Sim, ontem escutei esta frase, obviamente num samba e vindo de um “moçoilo” que claramente não via nenhum problema na sua fala tão espontânea. Eu cansada de ouvir coisas do tipo, desde a minha mais remota juventude, compartilhei com ele que já havia escutado coisas assim muitas vezes. Que meu comportamento e maneira de ser causava uma certa estranheza, porque não me enquadrava nas expectativas, nas CAIXAS em que insistimos em colocar as pessoas, rotulando-as. O clima ficou meio tenso, como esperado, e a conversa se diluiu caminhando rapidamente para outro tema.

Mas… Vamos lá. Hoje acordei, e o incômodo segue vivo. Então, acho mesmo que é uma boa oportunidade para escrever sobre uma questão tão antiga, que de tempos em tempos volta a “saltar” na minha vida:

Até quando vamos insistir em assumir, e esperar que os outros assumam papéis sociais pré-determinados?

Existem aqueles mais caricatos: a loira burra, a mulher pra casar (aquela que é comportada, claro), o baiano preguiçoso, a mulher que está se oferecendo de acordo com a roupa que usa, o negro que gosta de samba, o gay que gosta de música pop, etc. E um montão de outros um pouco mais sutis que reproduzimos o tempo todo, muitas vezes sem nos dar conta, mas que não por isso são menos violentos. Alguns exemplos são: a associação do nosso gosto musical ao nosso “grau” de evolução espiritual e também intelectual, e a associação da maneira como nos expressamos corporal ou artisticamente também ao intelecto ou ao gênero com o qual nos identificamos.

Voltando aos episódios

Qual é o problema de gostar de se vestir de maneira hippie-casual e não fumar maconha? O que tem de estranho em adorar festas (ser baladeira) e ao mesmo tempo ser a CDF da classe? Ah, e ser a tal CDF sem se matar de estudar? O que tem de tão anormal em escrever uma tese (isso mesmo, a de doutorado), enquanto sai várias vezes na semana pra encontrar os amigos, como em qualquer outro momento da sua vida? Tá, e ser doutora “intelectual” e gostar de samba? Gostar de dançar? Gostar de cantar? Ah, e qual a incoerência entre amar o samba de raiz, Adoniran Barbosa, Cartola, Dorival Caymmi… e se divertir horrores em um show da Anitta, se maquiar ao som de Pabllo Vittar e adorar cozinhar ao som de “Despacito”? E por que é tão “surpreendente” que embora o seu pintor favorito seja Van Gogh, você também gosta e tem uma tela do Romero Brito na parede da sala? Ah, e que mal tem em (outra vez) adorar festas e frequentá-las muitas vezes sem beber nenhuma gota de álcool (porque você não associa diretamente uma coisa à outra, oi?)?

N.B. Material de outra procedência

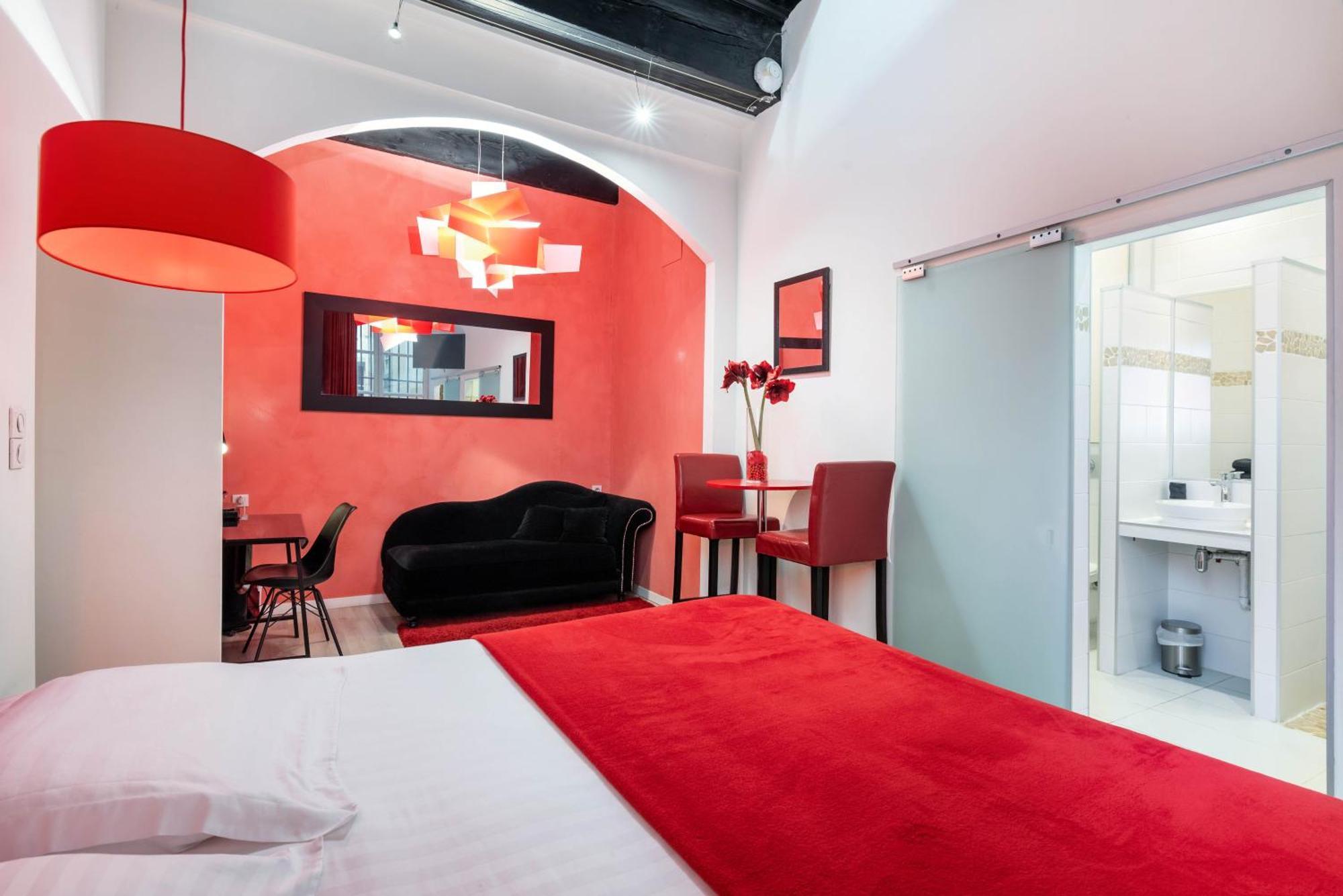 Le Carre Merciere , Appartements De Luxe Au Coeur De Lyon, Loft Et Studio Eksteriør billede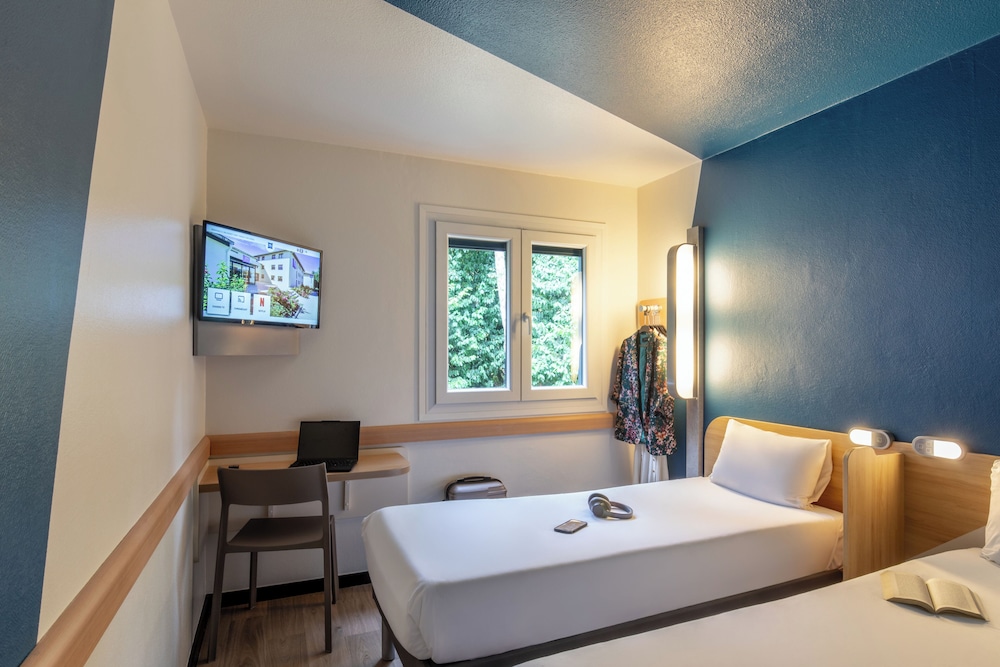 غرفة بسريرين منفصلين، Ibis Budget Marne La Vallee 2/10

Bom, estas são só algumas das “incoerências” entre meus gostos, comportamentos e atitudes aos olhos de umas quantas pessoas. Escutei questionamentos sobre cada um dos exemplos que escrevi, e a estranheza que eu causava a estas pessoas por SER e me comportar diferente do que elas esperavam, refletindo na verdade aquilo que haviam aprendido sobre como devemos nos comportar.

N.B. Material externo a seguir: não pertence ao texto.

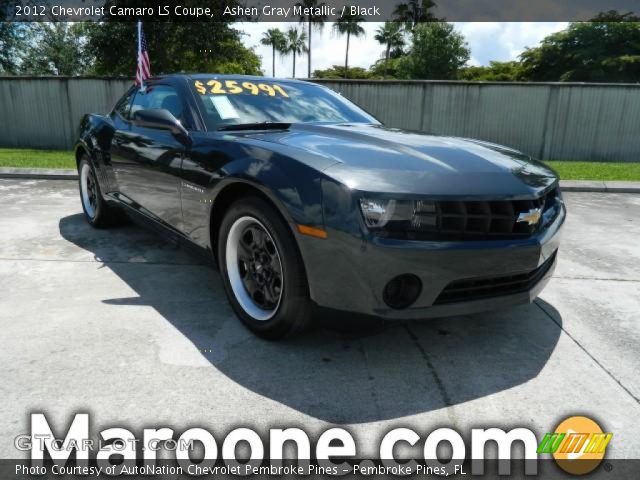 2012 Chevrolet Camaro LS Coupe in Ashen Gray Metallic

No meu último ano de universidade, decidi integrar a comissão de formatura. Foi só então que tive a oportunidade de me aproximar da Pri, uma líder inata da turma, bastante popular, adorava festas e era excelente aluna. Um belo dia, pra minha grande surpresa, ela me contou que antes de nos aproximarmos, também havia construído uma imagem completamente equivocada sobre mim: assim como a maioria da turma, ela achava que eu só estudava (já que também era excelente aluna) e portanto, era uma chata que não gostava de festas.

Acredito que este exemplo só reforça o quanto reproduzimos estas construções tendenciosas (e limitantes) das pessoas, apenas baseadas nos papéis e comportamentos esperados, sem ao menos nos questionar ou olhar para nós mesmos antes. Não refletimos sobre quem somos, do que realmente gostamos, como estamos nos expressando, quais das coisas que estamos fazendo realmente gostaríamos de estar fazendo, ou quem estamos fingindo ser para nos enquadrarmos em um destes papéis. E claro, que sentindo teria para nós nos livrarmos destas expectativas e limitações que não nos ajudam em absolutamente nada.

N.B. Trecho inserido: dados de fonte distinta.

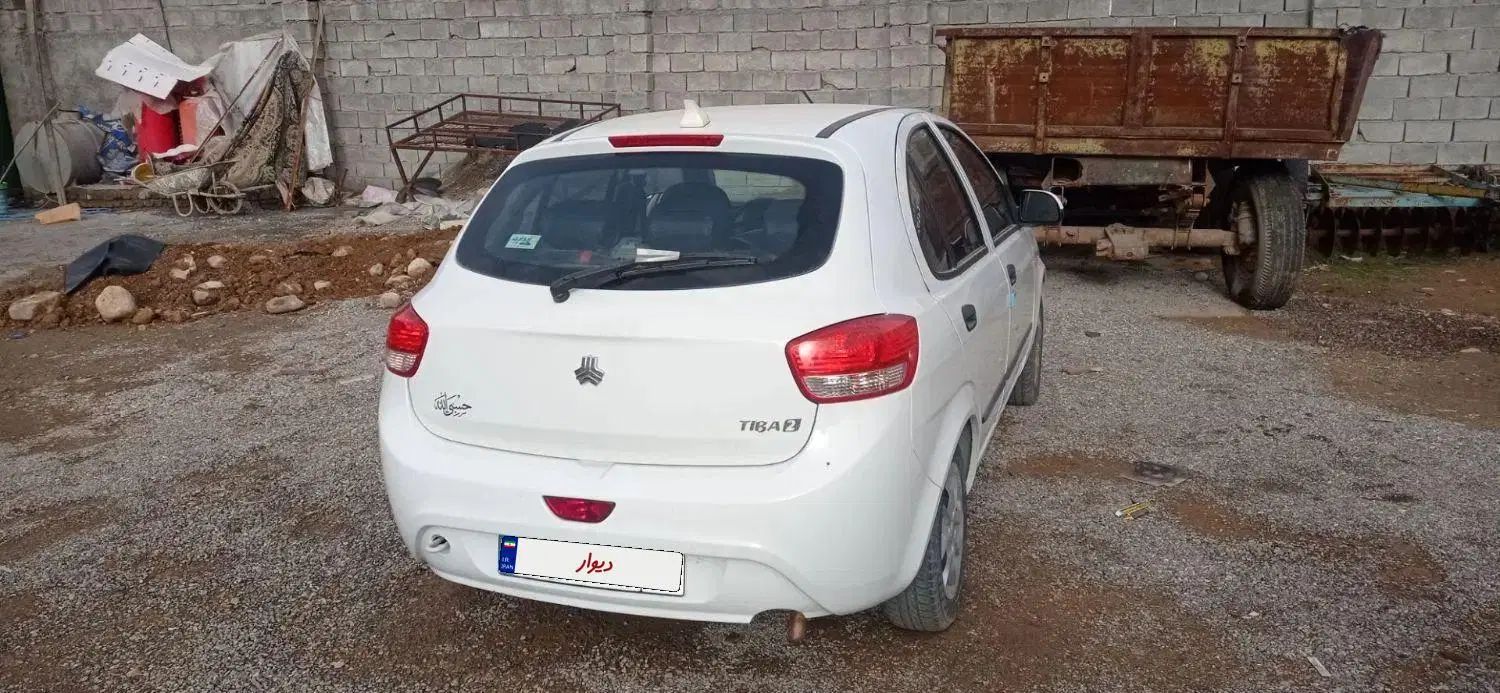 تیبا 2 EX رینگ آلومینیومی - 1400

Mais uma vez, para mim tudo isso tem a ver com AUTENTICIDADE, e a luta diária por exercê-la. Desde muito tempo percebi, acolhi e decidi expressar plenamente a minha diversidade. Gosto muito de estudar e ler (sobre os temas mais diversos), escrever (sobre o que reverbera em mim), fazer facilitação (de temas que fazem sentido pra mim), conversar (com profundidade), escutar (o que você tiver a dizer), dançar (samba, forró, zouk, e muito mais), cantar (o que eu lembrar a letra), de cozinhar (para compartilhar), de beber (uma cerveja de vez em quando, um vinho branco sempre que dá), de sexo e carinho (precisa de detalhes? rs), de homens (embora já tenha me atraído por algumas mulheres), de vestir aquilo que é coerente com meu estado de espírito no dia (o que seria categorizado provavelmente como “falta de estilo”), de estar com meus amigos (e só com eles muitas vezes), de fortalecer laços antigos e de conhecer pessoas novas.

Isso tudo, é claro, dentre tantas outras coisas!

Então eu pergunto:

Sou eu assim tão diferente dos outros? Das outras? Ou só tô exercendo minhas múltiplas habilidades, ao mesmo tempo em que faço o que gosto e me expresso da maneira que faz mais sentido pra mim? E tudo isso sem me importar em me “enquadrar” em um perfil socialmente esperado, nas expectativas e classificações desde sempre impostas?

Estou certa de que seríamos todos mais interessantes se nos libertássemos destes papéis.

Vamos juntxs?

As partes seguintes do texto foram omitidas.